Are we not men? We are—well, ask Bigfoot, as Brooks does in this delightful yarn, following on his bestseller World War Z(2006).

A zombie apocalypse is one thing. A volcanic eruption is quite another, for, as the journalist who does a framing voice-over narration for Brooks’ latest puts it, when Mount Rainier popped its cork, “it was the psychological aspect, the hyperbole-fueled hysteria that had ended up killing the most people.” Maybe, but the sasquatches whom the volcano displaced contributed to the statistics, too, if only out of self-defense. Brooks places the epicenter of the Bigfoot war in a high-tech hideaway populated by the kind of people you might find in a Jurassic Park franchise: the schmo who doesn’t know how to do much of anything but tries anyway, the well-intentioned bleeding heart, the know-it-all intellectual who turns out to know the wrong things, the immigrant with a tough backstory and an instinct for survival. Indeed, the novel does double duty as a survival manual, packed full of good advice—for instance, try not to get wounded, for “injury turns you from a giver to a taker.
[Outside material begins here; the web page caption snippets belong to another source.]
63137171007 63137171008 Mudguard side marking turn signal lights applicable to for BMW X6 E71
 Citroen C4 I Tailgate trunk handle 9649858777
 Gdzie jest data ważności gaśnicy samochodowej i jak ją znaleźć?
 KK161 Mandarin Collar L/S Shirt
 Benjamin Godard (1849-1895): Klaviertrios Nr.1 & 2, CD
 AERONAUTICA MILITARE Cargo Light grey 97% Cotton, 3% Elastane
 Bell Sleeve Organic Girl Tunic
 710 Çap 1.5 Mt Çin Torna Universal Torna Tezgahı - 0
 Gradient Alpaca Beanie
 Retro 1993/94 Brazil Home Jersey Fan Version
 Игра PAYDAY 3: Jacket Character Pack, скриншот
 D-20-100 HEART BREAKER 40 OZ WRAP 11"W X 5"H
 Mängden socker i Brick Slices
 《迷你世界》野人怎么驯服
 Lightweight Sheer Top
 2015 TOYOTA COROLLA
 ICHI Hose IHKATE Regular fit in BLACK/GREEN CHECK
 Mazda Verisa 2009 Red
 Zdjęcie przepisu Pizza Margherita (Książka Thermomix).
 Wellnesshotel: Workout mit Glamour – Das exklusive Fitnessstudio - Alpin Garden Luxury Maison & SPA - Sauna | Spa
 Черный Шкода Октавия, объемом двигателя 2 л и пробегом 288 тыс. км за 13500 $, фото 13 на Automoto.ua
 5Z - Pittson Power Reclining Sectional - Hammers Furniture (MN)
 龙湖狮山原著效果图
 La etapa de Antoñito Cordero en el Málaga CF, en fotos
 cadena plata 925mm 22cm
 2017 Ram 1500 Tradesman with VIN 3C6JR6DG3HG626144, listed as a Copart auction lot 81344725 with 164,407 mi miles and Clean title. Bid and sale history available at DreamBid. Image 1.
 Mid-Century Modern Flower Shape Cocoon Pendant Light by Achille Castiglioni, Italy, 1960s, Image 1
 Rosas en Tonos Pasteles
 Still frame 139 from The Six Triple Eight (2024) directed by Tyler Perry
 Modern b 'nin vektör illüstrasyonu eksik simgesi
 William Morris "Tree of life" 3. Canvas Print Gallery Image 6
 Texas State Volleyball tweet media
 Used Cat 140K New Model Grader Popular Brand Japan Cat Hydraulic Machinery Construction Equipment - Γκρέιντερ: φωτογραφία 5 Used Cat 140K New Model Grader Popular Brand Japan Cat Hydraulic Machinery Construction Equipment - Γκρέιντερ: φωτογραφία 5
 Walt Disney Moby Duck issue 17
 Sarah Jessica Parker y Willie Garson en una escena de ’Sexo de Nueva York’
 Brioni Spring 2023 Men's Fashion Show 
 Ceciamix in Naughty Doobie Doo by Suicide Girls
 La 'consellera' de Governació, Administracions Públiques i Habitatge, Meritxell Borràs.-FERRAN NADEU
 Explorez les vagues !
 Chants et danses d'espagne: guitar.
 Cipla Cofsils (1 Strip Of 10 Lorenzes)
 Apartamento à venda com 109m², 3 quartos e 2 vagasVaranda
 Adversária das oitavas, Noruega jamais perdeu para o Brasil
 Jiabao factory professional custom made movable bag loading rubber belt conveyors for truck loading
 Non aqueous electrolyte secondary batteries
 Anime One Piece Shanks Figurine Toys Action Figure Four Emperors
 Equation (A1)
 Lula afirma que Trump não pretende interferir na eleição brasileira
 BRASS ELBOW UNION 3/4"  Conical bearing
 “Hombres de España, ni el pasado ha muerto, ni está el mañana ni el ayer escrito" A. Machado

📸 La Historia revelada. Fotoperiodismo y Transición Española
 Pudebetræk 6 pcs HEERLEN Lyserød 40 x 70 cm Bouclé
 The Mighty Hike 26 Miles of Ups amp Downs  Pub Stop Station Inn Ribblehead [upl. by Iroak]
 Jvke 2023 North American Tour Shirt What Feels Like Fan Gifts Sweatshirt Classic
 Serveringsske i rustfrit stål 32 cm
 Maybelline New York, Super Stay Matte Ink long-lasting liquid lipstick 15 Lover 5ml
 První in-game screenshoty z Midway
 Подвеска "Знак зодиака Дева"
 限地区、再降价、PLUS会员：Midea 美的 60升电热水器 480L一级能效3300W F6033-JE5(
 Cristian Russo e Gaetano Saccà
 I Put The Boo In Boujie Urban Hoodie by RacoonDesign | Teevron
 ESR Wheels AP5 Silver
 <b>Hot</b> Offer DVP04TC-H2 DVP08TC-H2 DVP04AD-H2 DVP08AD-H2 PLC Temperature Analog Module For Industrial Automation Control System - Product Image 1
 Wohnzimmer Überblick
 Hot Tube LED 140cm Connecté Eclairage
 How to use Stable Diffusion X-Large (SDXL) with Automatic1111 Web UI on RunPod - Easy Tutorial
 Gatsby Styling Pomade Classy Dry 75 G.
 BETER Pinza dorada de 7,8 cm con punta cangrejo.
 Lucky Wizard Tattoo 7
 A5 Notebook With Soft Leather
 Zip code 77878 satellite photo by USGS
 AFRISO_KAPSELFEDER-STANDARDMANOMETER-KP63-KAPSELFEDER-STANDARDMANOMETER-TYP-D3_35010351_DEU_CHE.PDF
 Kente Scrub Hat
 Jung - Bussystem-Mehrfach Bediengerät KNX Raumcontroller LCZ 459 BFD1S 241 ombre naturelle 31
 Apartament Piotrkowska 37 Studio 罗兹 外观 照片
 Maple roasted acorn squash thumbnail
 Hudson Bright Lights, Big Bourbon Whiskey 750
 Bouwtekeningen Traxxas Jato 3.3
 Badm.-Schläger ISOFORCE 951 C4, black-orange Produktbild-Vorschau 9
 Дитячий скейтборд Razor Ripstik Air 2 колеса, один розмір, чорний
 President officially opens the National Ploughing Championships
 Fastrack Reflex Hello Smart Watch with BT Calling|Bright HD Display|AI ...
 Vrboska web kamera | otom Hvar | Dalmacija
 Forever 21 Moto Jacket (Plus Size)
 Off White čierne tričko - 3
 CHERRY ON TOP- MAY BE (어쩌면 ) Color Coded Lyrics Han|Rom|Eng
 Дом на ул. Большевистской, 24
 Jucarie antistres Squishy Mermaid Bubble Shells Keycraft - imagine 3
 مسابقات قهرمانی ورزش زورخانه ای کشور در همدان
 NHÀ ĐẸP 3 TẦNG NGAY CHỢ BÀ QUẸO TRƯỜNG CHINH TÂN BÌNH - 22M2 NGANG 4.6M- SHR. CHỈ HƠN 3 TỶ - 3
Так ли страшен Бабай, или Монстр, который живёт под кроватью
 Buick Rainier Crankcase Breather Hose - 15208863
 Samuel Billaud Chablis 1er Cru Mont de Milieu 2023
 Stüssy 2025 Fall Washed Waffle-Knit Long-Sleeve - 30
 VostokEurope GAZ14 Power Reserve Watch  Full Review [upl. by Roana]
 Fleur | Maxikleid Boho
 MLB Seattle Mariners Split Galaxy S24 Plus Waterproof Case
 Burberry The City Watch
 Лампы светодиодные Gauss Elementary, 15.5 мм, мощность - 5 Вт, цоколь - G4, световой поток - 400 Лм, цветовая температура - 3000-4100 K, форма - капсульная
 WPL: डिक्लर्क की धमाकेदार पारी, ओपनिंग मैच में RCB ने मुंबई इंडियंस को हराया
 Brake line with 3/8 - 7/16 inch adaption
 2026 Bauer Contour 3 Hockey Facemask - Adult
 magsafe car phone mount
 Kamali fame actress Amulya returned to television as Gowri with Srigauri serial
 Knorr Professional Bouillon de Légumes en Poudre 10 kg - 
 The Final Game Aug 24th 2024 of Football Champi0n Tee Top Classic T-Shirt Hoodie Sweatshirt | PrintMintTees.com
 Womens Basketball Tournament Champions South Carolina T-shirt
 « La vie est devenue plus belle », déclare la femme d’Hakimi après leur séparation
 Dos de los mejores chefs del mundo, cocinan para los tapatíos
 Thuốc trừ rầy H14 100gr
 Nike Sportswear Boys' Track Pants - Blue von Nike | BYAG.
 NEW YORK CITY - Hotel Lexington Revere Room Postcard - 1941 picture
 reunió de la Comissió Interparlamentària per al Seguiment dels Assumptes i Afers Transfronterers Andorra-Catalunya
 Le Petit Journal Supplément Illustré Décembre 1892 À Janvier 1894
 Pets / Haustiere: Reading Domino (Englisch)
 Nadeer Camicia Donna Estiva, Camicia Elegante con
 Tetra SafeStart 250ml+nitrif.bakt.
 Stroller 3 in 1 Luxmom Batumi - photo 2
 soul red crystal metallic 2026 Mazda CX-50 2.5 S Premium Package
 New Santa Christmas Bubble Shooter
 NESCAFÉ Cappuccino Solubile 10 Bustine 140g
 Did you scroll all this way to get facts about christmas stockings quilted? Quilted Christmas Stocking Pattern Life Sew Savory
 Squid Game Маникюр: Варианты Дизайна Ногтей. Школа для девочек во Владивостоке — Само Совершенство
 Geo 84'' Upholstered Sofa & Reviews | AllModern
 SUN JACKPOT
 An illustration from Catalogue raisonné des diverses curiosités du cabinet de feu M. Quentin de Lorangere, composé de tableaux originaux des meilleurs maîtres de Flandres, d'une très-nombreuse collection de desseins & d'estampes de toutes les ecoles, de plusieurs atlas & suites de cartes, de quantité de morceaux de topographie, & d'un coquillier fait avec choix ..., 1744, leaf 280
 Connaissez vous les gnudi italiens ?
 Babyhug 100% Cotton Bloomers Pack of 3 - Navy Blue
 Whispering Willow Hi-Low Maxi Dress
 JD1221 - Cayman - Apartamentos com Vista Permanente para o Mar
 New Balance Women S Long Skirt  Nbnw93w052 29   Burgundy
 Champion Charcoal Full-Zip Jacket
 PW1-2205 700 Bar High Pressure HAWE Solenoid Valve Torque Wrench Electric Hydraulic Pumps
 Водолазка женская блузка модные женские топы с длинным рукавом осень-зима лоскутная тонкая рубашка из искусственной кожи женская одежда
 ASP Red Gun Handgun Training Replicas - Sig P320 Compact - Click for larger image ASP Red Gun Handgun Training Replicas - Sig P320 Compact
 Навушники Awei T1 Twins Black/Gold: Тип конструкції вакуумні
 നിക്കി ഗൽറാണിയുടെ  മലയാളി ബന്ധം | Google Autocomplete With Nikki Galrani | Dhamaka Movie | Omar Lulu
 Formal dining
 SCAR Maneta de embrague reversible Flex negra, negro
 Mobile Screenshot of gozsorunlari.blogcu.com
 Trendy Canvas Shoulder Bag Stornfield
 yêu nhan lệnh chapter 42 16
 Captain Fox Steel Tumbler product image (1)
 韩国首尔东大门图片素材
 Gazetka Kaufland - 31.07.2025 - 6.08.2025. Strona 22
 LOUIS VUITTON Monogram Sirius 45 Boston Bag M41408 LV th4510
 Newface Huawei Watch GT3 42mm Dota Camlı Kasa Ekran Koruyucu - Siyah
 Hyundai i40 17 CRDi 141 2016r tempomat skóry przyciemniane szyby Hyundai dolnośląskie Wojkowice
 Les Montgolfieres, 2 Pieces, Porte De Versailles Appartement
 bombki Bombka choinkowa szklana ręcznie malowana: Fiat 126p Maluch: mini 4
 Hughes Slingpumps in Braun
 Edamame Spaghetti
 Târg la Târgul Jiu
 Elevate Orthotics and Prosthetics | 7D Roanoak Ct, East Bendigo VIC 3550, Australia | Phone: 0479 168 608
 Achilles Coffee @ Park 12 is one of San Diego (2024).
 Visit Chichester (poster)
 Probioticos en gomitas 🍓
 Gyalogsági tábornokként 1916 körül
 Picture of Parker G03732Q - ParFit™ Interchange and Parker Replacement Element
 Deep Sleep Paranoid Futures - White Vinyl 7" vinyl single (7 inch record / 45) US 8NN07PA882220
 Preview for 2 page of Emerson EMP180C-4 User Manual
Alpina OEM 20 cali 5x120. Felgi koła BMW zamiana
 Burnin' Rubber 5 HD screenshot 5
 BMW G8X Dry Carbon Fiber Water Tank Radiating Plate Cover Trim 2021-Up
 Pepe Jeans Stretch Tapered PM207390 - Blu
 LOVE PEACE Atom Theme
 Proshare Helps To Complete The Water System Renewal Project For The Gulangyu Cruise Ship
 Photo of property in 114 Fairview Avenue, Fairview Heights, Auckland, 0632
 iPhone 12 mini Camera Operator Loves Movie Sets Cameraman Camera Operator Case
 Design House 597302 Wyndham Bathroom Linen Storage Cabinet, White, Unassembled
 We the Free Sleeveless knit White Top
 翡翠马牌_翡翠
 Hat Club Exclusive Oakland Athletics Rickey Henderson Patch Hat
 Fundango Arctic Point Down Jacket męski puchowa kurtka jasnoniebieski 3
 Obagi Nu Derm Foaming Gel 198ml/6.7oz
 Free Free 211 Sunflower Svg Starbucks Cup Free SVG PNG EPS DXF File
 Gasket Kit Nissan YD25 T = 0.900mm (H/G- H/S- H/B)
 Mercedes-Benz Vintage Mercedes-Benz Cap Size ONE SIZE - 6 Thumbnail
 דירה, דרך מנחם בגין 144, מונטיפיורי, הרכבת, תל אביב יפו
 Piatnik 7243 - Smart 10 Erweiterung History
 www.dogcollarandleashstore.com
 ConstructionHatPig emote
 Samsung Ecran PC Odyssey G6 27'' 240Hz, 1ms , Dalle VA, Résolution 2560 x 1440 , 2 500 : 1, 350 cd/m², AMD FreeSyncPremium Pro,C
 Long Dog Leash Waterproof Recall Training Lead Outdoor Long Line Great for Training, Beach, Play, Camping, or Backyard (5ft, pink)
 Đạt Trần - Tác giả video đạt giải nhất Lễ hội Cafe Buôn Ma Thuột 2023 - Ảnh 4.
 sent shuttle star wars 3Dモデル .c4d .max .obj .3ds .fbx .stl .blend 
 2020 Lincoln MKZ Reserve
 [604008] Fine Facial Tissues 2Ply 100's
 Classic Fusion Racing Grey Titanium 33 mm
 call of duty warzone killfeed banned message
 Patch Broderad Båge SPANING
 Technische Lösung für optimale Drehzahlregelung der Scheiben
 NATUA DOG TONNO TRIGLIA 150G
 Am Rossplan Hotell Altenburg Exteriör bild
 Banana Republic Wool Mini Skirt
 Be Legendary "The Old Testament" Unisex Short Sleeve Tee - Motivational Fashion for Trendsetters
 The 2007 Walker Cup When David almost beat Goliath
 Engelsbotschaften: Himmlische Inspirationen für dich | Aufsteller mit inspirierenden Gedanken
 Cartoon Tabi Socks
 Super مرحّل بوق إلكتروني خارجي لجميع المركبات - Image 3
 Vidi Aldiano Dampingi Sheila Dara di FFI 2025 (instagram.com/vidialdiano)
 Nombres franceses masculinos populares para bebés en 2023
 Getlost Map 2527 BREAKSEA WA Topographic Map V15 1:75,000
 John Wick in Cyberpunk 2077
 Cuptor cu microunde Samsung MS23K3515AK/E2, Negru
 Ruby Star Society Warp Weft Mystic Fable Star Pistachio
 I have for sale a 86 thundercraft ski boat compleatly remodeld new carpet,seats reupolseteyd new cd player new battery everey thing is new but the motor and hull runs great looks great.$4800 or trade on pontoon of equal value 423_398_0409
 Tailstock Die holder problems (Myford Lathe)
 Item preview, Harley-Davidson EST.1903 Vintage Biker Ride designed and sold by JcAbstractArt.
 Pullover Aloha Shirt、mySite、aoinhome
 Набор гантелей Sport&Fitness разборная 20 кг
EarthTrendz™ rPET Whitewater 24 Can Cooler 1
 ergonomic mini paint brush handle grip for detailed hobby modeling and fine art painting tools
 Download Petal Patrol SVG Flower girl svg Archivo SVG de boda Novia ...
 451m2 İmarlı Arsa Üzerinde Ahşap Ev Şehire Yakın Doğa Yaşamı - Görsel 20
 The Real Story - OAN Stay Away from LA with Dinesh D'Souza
Taking up our resources, our time to care for you.” Brooks presents a case for making room for Bigfoot in the world while peppering his narrative with timely social criticism about bad behavior on the human side of the conflict: The explosion of Rainier might have been better forecast had the president not slashed the budget of the U.S. Geological Survey, leading to “immediate suspension of the National Volcano Early Warning System,” and there’s always someone around looking to monetize the natural disaster and the sasquatch-y onslaught that follows. Brooks is a pro at building suspense even if it plays out in some rather spectacularly yucky episodes, one involving a short spear that takes its name from “the sucking sound of pulling it out of the dead man’s heart and lungs.” Grossness aside, it puts you right there on the scene.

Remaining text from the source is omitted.